■ Work item ■
Every entry below should be reproduced exactly, with all pictures left out.

(Short web captions)
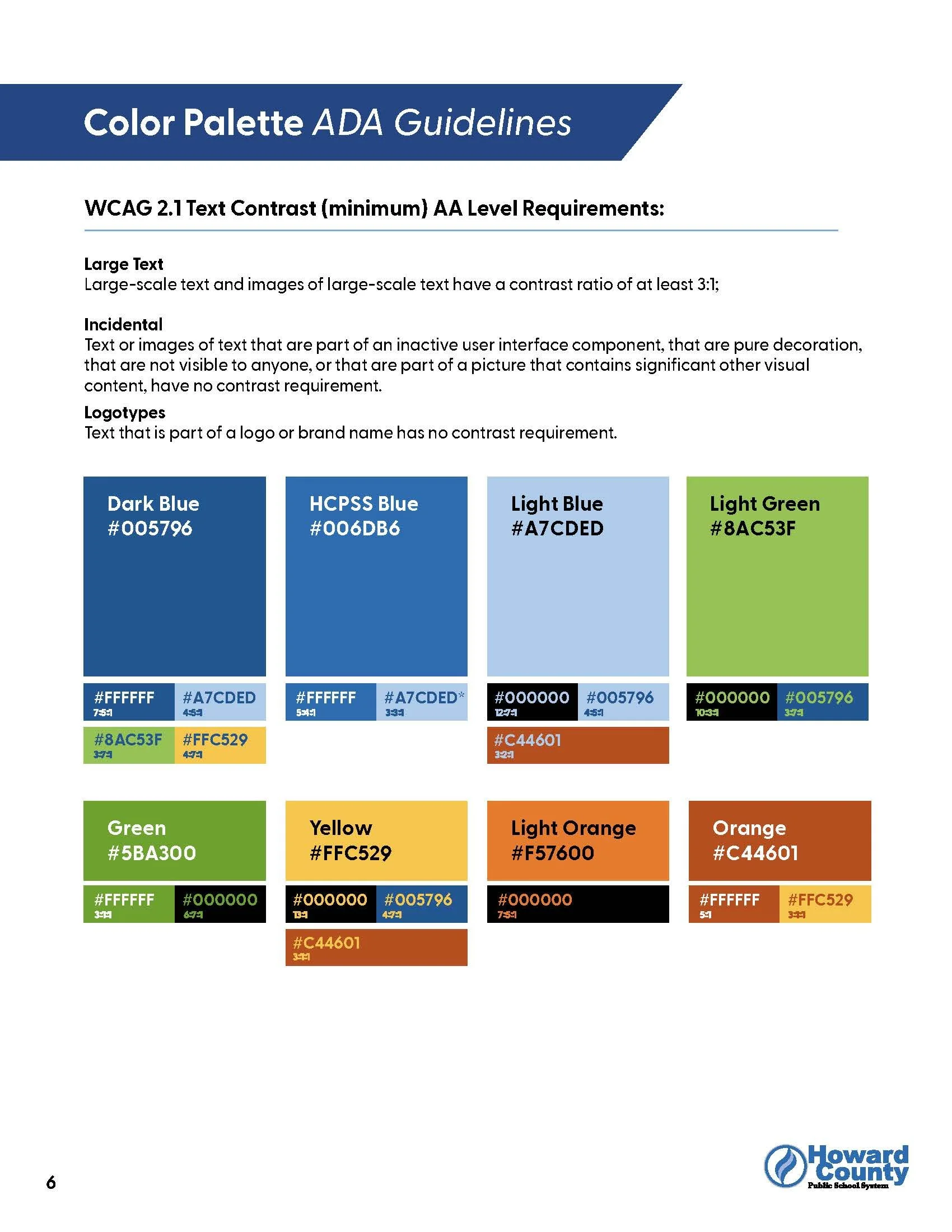 HCPSS_AMP_BRANDGUIDE_11-04-24_KA_Page_06.jpg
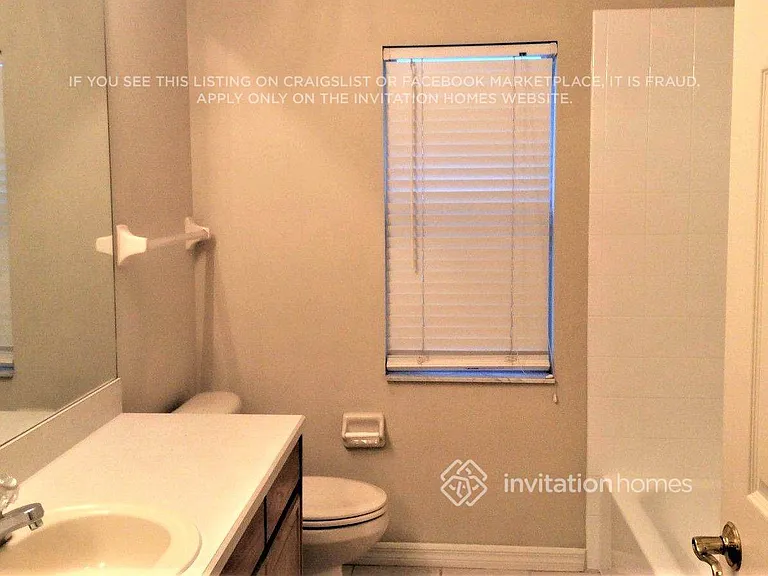 10142 Whisper Pointe Dr — Photo 10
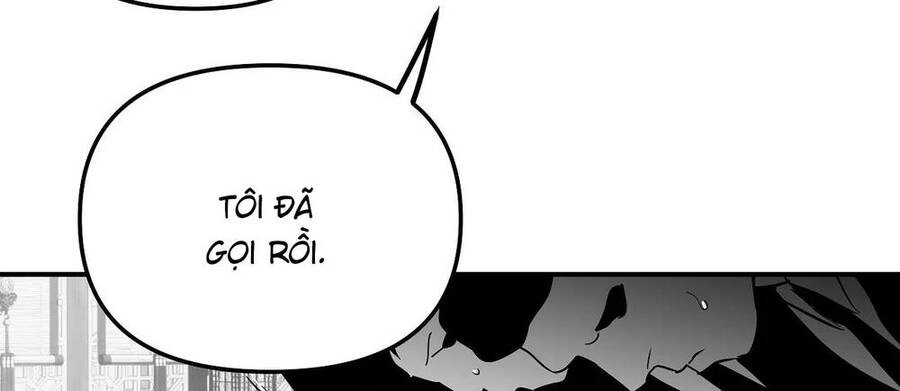 Khi Đôi Chân Thôi Bước Chapter 96 - 229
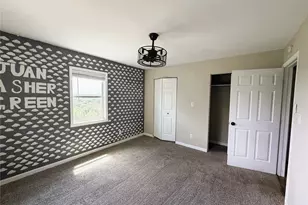 2817 N Mountain View Rd, Granbury, TX 76048 - Photo 16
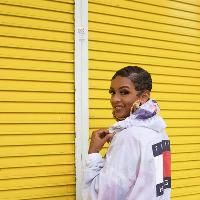 Paigey Cakey Paigey Cakey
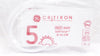 GE Medical 2525 Critikon Soft-Cuf, Size 5, 8-15cm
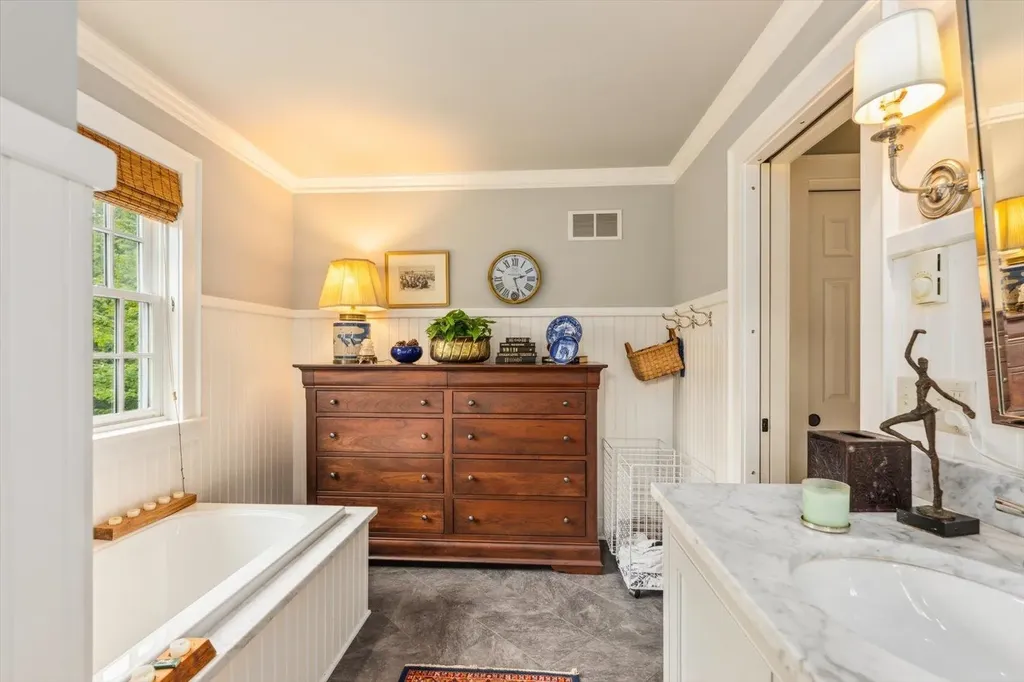 170 Sand Hill Road Peterborough NH 03458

■ Exercise solution ■
 HCPSS_AMP_BRANDGUIDE_11-04-24_KA_Page_06.jpg
 10142 Whisper Pointe Dr — Photo 10
 Khi Đôi Chân Thôi Bước Chapter 96 - 229
 2817 N Mountain View Rd, Granbury, TX 76048 - Photo 16
 Paigey Cakey Paigey Cakey
 GE Medical 2525 Critikon Soft-Cuf, Size 5, 8-15cm
 170 Sand Hill Road Peterborough NH 03458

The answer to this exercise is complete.